It is once again the season of giving, a time for which many Americans save all year so that their loved ones can receive a very special present. If you are really lucky, you may even have a new car waiting for you under the tree. Especially for luxury cars, sales rise each December as people plan the ultimate Christmas morning surprise – complete with that giant bow.
However, if you are one of the many couples working through a divorce this holiday season, that car may come with strings attached. A gift of that caliber can change your financial asset situation, just like other luxury gifts such as jewelry, home renovation projects or other big-ticket items.
While the majority of Christmas gifts would not come into play during the property division process, some high-worth presents given at Christmas or another time could create a conflict if your spouse considers the gift marital property. As Minnesota is an equitable distribution state, each spouse must receive a fair portion of all shared marital assets. In the event of a divorce, make sure that you understand how property division handles gifts.
Gifts made to one spouse
Gifts or other large financial amounts specifically given to one partner remain separate personal property during a divorce. The worth of the gift would not affect the fair distribution of marital assets, but instead, belong to the spouse who received the gift alone.
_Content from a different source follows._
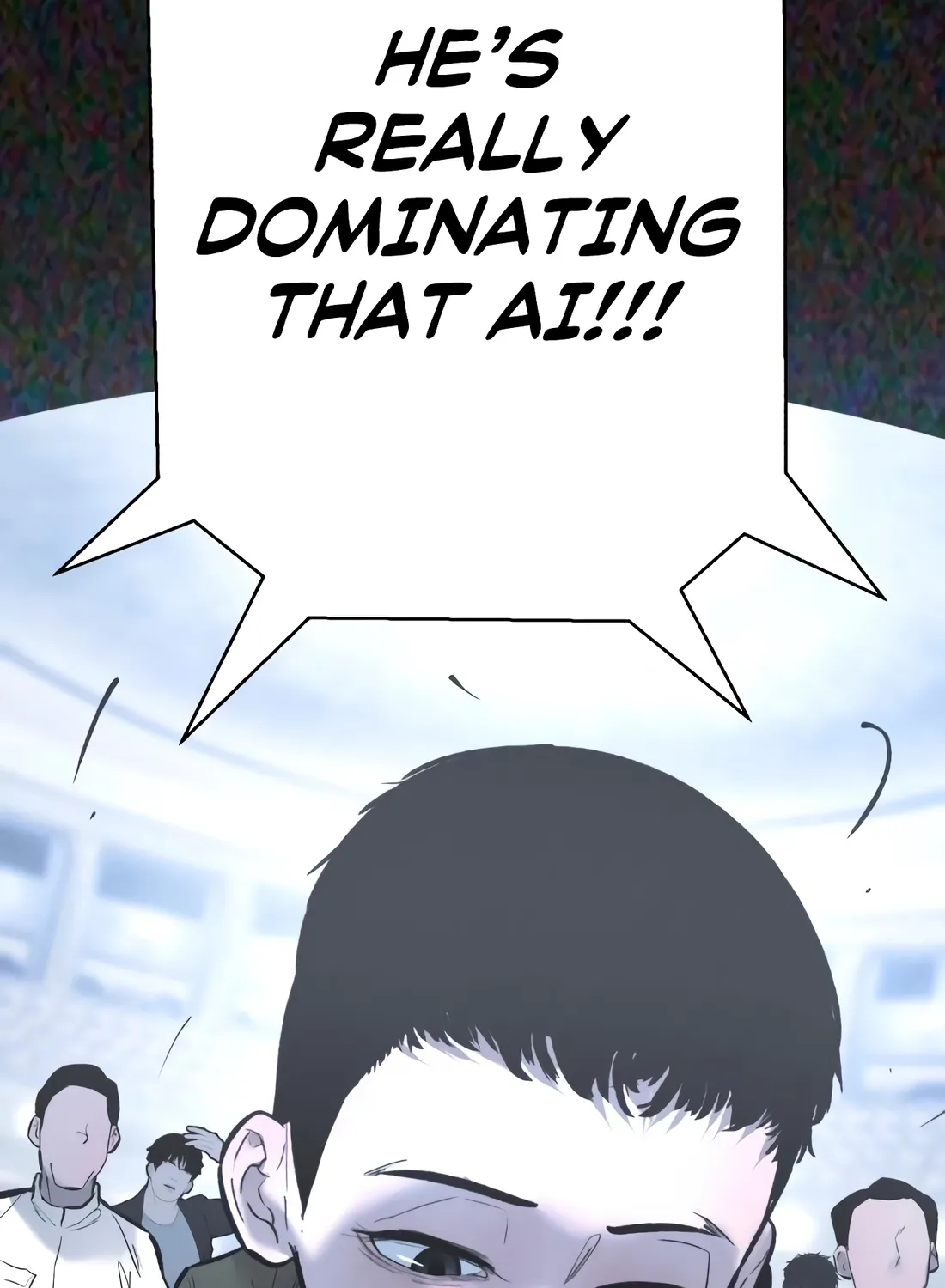 The Evil God's Heir Chapter 30 - page 54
This applies to:
- Large monetary gifts
- An inheritance in the name of one spouse
- A personal injury award amount on behalf of one spouse
However, the concept of personal property can get complicated. Money deposited in joint accounts or used to enhance a marital asset (like a shared home) can become marital property due to the difficulty of sorting back out the personal property from the other marital assets.
Gifts between spouses
The state of Minnesota always considers gifts given from one spouse to the other as marital property. That means that if your husband gave you a Christmas car last year, the worth of that car would come into the equitable distribution calculation.